"crooked spin can't come to rest,
i'm damaged bad at best,
she'll decide what she wants.
i'll probably be the last to know,
no-one says until it shows,
and you see how it is.
they want you,
or they don't.
say yes."
andrea posted elliott smith this morning, which set me in the mood to play him all morning myself. there are so many things i could write about his music and what it has meant to me. how is tragic sonnets and lyrical refrains have intertwined with dreams and moments, written plots and felt emotions, sing-a-longs and jagged tears. i wish i'd seen him play live, just once at least. and, more than that, i wish he was still alive, that he was still among us.
i have many favorites. angeles, which andrea posted earlier, is definitely one of many that i love. say yes i discovered when i bought the album xo. i remember playing it on my computer, back when we lived in the upstairs apartment in fullerton, not long after we returned back to california, from michigan. it was the first song to stand out to me, to make me want to push replay and listen again, that first initial song-crush that one gets on the first spin of a new album.

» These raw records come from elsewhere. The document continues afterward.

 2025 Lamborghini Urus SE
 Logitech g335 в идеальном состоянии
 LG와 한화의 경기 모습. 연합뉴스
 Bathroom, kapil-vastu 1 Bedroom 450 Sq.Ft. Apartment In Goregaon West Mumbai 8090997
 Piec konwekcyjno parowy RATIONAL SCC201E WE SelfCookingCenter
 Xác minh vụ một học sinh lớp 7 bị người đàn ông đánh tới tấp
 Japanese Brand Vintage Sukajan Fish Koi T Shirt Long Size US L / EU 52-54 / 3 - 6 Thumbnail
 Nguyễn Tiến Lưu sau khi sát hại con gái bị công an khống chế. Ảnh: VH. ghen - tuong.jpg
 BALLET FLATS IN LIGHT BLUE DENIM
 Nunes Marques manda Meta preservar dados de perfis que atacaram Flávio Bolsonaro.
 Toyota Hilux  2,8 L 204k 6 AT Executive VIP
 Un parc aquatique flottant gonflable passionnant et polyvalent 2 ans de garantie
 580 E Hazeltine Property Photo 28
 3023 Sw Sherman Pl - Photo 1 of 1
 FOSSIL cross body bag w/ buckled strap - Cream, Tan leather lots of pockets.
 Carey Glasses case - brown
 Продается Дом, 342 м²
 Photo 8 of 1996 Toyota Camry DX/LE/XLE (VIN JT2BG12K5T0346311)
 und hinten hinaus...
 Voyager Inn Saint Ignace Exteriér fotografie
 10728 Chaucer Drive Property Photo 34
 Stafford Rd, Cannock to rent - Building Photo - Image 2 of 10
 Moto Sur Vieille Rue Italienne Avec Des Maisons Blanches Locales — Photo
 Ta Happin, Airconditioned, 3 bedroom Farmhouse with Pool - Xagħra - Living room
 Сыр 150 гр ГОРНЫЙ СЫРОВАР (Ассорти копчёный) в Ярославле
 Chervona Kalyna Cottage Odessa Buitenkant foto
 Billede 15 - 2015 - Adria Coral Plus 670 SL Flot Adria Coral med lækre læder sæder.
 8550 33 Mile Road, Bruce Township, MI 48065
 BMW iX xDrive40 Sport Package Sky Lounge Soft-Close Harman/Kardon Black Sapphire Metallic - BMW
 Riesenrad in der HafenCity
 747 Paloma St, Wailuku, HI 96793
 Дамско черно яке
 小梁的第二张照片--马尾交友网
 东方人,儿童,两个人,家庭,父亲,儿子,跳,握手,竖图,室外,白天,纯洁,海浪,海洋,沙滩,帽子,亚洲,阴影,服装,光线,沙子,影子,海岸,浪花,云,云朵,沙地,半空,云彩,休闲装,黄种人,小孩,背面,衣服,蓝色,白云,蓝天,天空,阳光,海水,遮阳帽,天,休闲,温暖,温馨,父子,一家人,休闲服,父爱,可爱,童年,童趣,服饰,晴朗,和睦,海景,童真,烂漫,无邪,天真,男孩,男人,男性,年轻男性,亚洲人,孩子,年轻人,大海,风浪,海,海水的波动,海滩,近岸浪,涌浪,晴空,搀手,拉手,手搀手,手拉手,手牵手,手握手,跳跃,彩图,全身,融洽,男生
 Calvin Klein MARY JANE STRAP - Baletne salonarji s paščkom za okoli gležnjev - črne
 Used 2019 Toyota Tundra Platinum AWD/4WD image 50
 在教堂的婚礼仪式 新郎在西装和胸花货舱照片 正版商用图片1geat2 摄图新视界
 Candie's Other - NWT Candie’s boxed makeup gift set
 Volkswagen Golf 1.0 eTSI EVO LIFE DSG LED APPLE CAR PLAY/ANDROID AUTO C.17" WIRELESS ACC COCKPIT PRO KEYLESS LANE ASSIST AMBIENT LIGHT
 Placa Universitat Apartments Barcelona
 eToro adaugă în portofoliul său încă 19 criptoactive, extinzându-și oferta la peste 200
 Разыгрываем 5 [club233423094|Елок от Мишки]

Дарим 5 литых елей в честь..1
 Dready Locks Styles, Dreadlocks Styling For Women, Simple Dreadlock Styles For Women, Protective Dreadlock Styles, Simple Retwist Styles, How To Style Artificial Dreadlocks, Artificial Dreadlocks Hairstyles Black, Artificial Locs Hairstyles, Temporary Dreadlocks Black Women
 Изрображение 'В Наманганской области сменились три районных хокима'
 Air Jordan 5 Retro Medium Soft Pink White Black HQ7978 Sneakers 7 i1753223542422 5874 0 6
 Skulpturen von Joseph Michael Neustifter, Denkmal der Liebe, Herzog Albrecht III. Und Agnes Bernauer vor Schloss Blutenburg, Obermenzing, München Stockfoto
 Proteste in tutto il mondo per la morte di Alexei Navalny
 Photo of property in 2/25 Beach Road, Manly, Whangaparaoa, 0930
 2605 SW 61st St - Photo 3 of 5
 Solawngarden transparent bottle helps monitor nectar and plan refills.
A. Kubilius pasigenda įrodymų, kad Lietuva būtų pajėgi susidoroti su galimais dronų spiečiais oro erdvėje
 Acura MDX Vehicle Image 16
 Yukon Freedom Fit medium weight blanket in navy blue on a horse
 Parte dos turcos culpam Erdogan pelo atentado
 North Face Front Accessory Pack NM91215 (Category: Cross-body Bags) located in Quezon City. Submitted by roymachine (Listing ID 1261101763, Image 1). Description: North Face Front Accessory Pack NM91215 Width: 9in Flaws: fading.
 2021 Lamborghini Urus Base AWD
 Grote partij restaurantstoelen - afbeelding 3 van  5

i love the upside down duality in the lyrics. how this song at first feels like a love song full of hope and wistfulness. the morning after meeting someone you have a connection to, or the day following that first time you sleep with someone (or don't sleep with someone). on a second listen though the sadness comes through, the realization that this is more of an afterthought, a musing over, and missing of, a relationship that is recently lost. a relationship that has changed who we are, even when we did not realize the change was occuring when we were in it.
is there still a chance? is this poetry sung that will help in letting go, or will is it sung to win something back? a last ditch plea for the other person to turn around and say yes, again.